Text analyzer package

Project description

🕵️ reStalker

reStalker Logo

IOC and Entities Extractor

Python License Contributions Welcome Documentation

A powerful Python library for extracting Indicators of Compromise (IOCs) and various entities from binary or text sources.


📋 Table of Contents


🚀 Quick Start

import restalker

# Define which elements we desire (e.g., Tor URLs)
s = restalker.reStalker(tor=True, i2p=True)
elements = s.parse(input_text)

for element in elements:
    print(f"[*] Darknet IOC found: {element}")

🎯 Detection Capabilities

reStalker can extract these entities from any binary or text source:

🔐 Credentials & Identity

  • Base64 encoded data (base64=True)
  • Username patterns (username=True)
  • Password patterns (password=True)
  • Phone numbers (phone=True)
  • Email addresses (email=True)
  • Personal names (own_name=True)
  • PGP keys (pgp=True)

🗺️ Location & Organization

  • Location information (location=True)
  • Organization names (organization=True)
  • Keyphrases (keyphrase=True)
  • Keywords (keywords=["keyword1", "keyword2"])

📊 Analytics & Tracking

  • Google Analytics tracking codes (gatc=True)

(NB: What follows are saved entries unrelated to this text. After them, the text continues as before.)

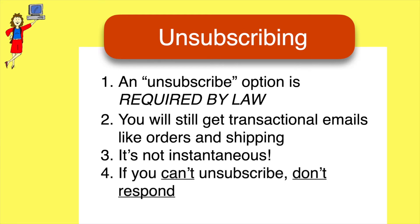And four, if there is no way to unsubscribe at all, it's probably spam and you should not respond because all that does is let the spammer who sent it know that you're a live person.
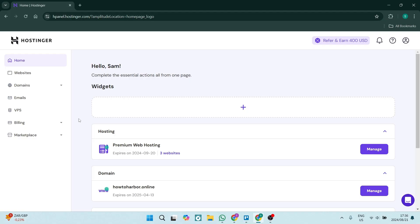So you want to add a WhatsApp button onto your Hostinger website? I've got you covered. Follow these steps and let's check it out.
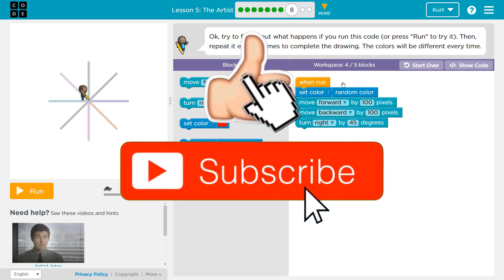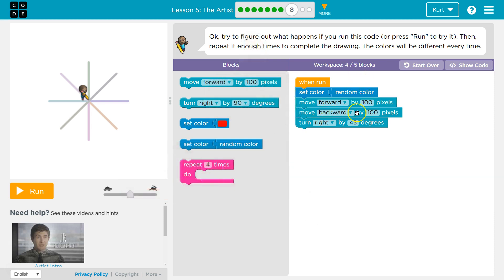Alright, so if we're going to try to figure this out, let's think. We're going to set a random color. Oh, that's super cool. And then we'll move forward by 100, so I'm going to go here forward by 100, jump back, move back. Move backwards, okay, then I'm going to draw backwards over it, turn right 45, and then pause.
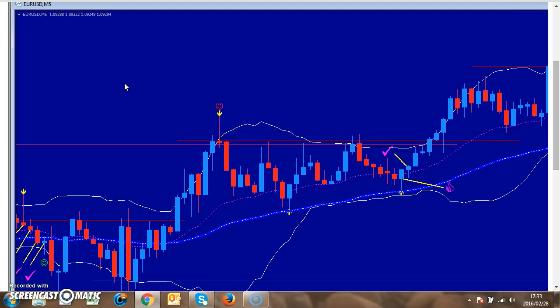Hi guys, it is Courtney Steinman from 60secondsbinaryoptions.com. I trade binary options for a living and only trade high probability setups. Today I'm going to show you guys the advanced version of what we call the Uday system — we only trade the pin bars, but on the advanced system we only trade with a trend.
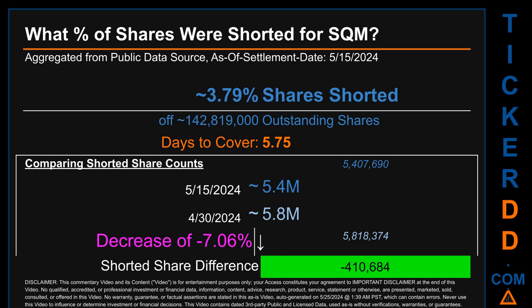What percentage of shares were shorted for SQM for the two-week period ending on settlement date May 15, 2024? About 5.4 million shares of SQM were shorted out of a total of approximately 142.8 million outstanding shares. Therefore, SQM has a short interest of roughly 3.79%, calculated by dividing the number of shorted shares by the number of outstanding shares. Days to cover is 5.75.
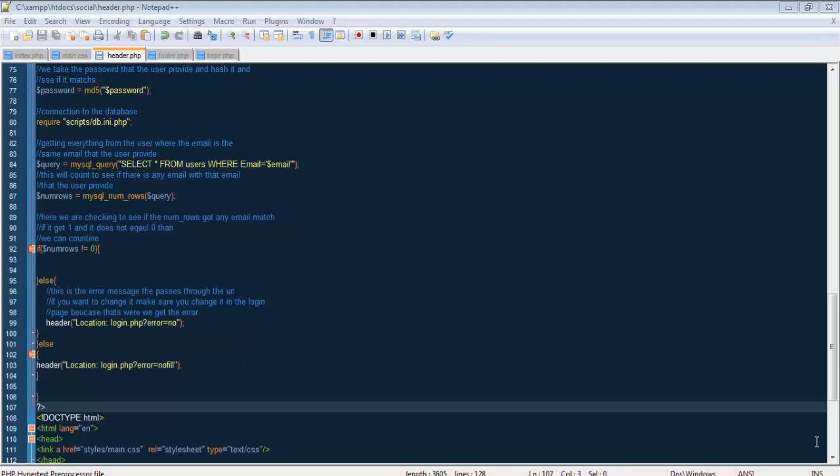Alright guys, so what we're basically going to do right now is just finish the login system and then head on to the logout system, which is not basically a system, it's just a single file that's pretty easy to code, so don't worry about that.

💰 Digital Assets & Cryptocurrencies

  • BTC (Bitcoin) wallet addresses (btc_wallet=True)
  • ETH (Ethereum) wallet addresses (eth_wallet=True)
  • XMR (Monero) wallet addresses (xmr_wallet=True)
  • ZEC (Zcash) wallet addresses (zec_wallet=True)
  • DASH wallet addresses (dash_wallet=True)
  • DOT (Polkadot) wallet addresses (dot_wallet=True)
  • XRP (Ripple) wallet addresses (xrp_wallet=True)
  • BNB (Binance) wallet addresses (bnb_wallet=True)

📱 Social Networks & Communication

  • Twitter/X account handles (twitter=True)
  • Telegram URLs (telegram=True)
  • WhatsApp URLs (whatsapp=True)
  • Discord URLs (discord=True)
  • Skype URLs (skype=True)
  • Tox ID identifiers (tox=True)
  • Session ID identifiers (session_id=True)

🔐 Cryptographic Hashes

  • MD5 hash values (md5=True)
  • SHA1 hash values (sha1=True)
  • SHA256 hash values (sha256=True)

💳 Financial Information

  • BIN (Bank Identification Numbers) (bin_number=True)
  • Credit Card numbers (credit_card=True)
  • CCN (Credit Card Numbers - generic) (ccn_number=True)

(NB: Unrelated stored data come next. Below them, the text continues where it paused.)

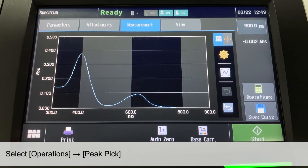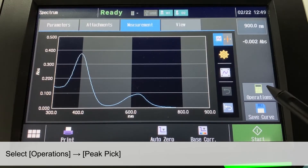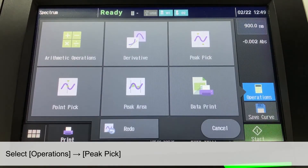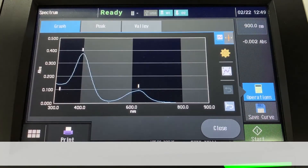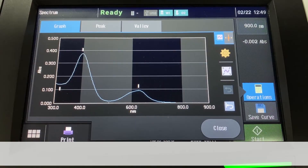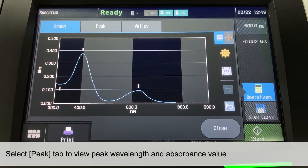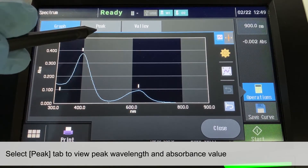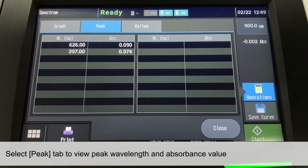To determine the absorbance peak wavelength, first select Operations, followed by Peak Pick. Peak detected would be displayed by the small white indicators. Select the Peak tab to check the peak's wavelength and the absorbance value.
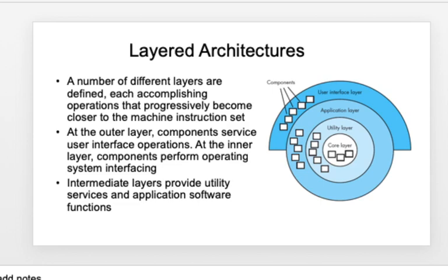The layered architecture is the most common architecture, similar to the OSI model in computer networks. It has about four different layers: core, utility, application, and UI. The outer layer components service UI operations; the innermost layer performs OS interfacing; and the intermediate layers — utility and application — serve as a bridge between the core layer and the UI.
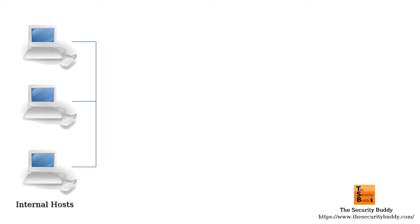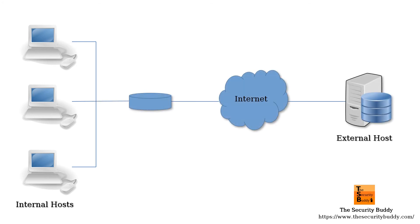But if some host in the internal network wants to communicate with a host outside the internal network using the internet, it will need a public IP address. The organization in that case can use NAT or Network Address Translation.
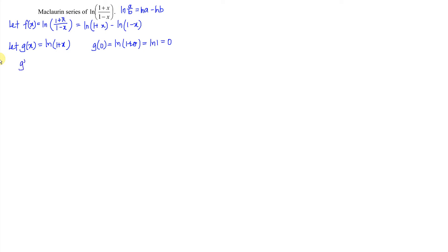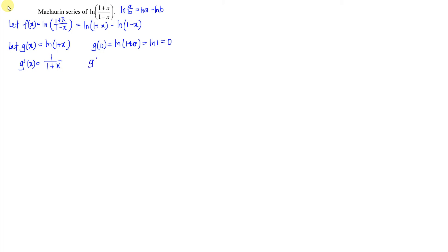which equals ln(1) = 0. Then we differentiate with respect to x and obtain the reciprocal, which is 1/(1+x). Remember to differentiate the inner part — for 1+x, differentiating gives 1, so nothing changes. Substituting 0 gives 1/(1+0) = 1.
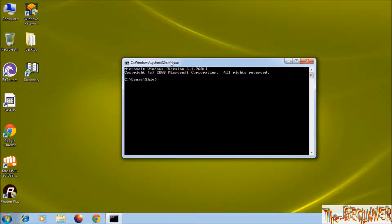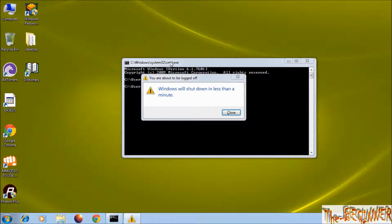Open cmd, type shutdown space dash s, then enter. Windows will shut down in less than a minute.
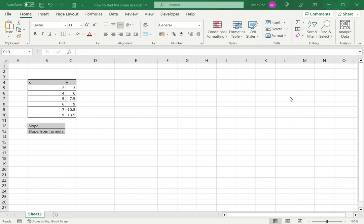Welcome to another Spreadcheaters video guide. You can find written instructions for these steps on the Spreadcheaters website. In this video we'll see how to find the slope in Excel.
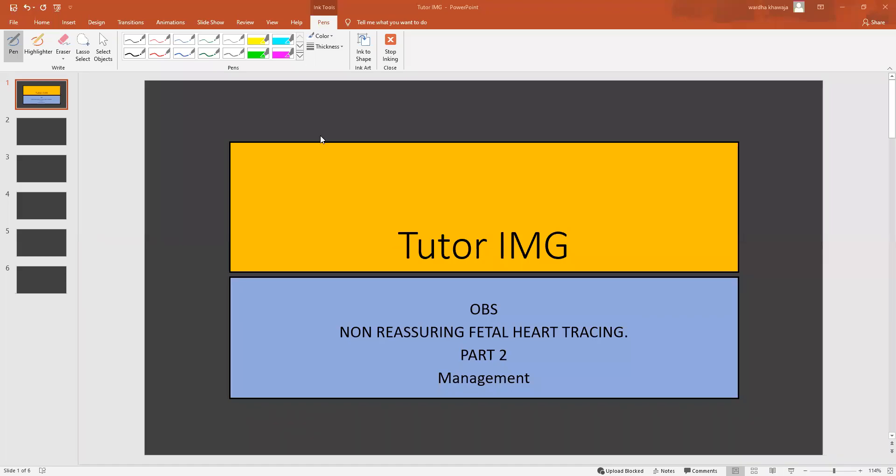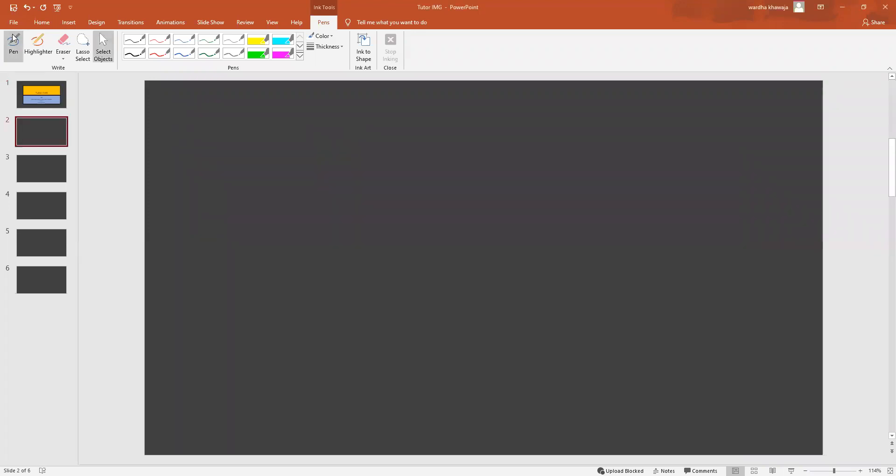Hello everyone, welcome to Tutor IMG's short medical series. In part one of our non-reassuring fetal heart tracings, we talked about some of the features of a non-reassuring fetal heart tracing. Now we're going to be taking a look at how to manage such a tracing.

🌐 Dark Web & Alternative Networks

  • Tor (.onion) URLs (tor=True)
  • I2P URLs (i2p=True)
  • Freenet URLs (freenet=True)
  • ZeroNet URLs (zeronet=True)
  • BitName URLs (bitname=True)
  • IPFS URLs (ipfs=True)

📋 Paste Sites & Code Sharing

  • justpaste.it links (paste=True)
  • pastebin.com links (paste=True)
  • pasted.co links (paste=True)
  • hastebin.com links (paste=True)
  • snipt.org links (paste=True)
  • gist.github.com links (paste=True)
  • telegra.ph links (paste=True)
  • ghostbin.com links (paste=True)

📦 Installation

🎯 Quick Start

CPU-only (Default, Recommended for Most Users):

pip install restalker

Or with Poetry:

poetry add restalker

🚀 GPU Acceleration (Optional)

reStalker supports GPU acceleration for significantly faster entity extraction using GLiNER2. Choose the appropriate installation method based on your hardware:

🔍 Automatic Detection (Recommended)

# Clone or navigate to the repository
git clone https://github.com/junquera/restalker.git
cd restalker

# Detect your GPU hardware
python scripts/detect_gpu.py

# Follow the recommended installation command shown

🎮 Manual GPU Installation

NVIDIA GPU (CUDA 11.8+):

# Using Poetry
poetry install --extras gpu

# Using pip with setup.py
pip install -e .[gpu]

# Using requirements file
pip install -r requirements-gpu-cuda.txt

AMD GPU (ROCm 5.x+, Linux only):

# First, install ROCm: https://rocm.docs.amd.com/

# Using Poetry
poetry install --extras amd-gpu

# Using pip with setup.py
pip install -e .[amd-gpu]

# Using requirements file
pip install -r requirements-gpu-rocm.txt

CPU-only (Explicit):

# Using Poetry
poetry install

# Using pip with requirements file
pip install -r requirements.txt

💾 Disk Space & Performance

Installation Disk Space Performance vs CPU Best For
CPU-only ~500 MB Baseline (1x) Most users, portable systems
NVIDIA GPU ~3.2 GB 5-10x faster Systems with NVIDIA GPUs
AMD GPU ~3.5 GB 3-7x faster Linux systems with AMD GPUs

✅ Verify GPU Installation

After installing with GPU support, verify it's working:

import torch
print(f"CUDA available: {torch.cuda.is_available()}")
print(f"Device: {torch.cuda.get_device_name(0) if torch.cuda.is_available() else 'CPU'}")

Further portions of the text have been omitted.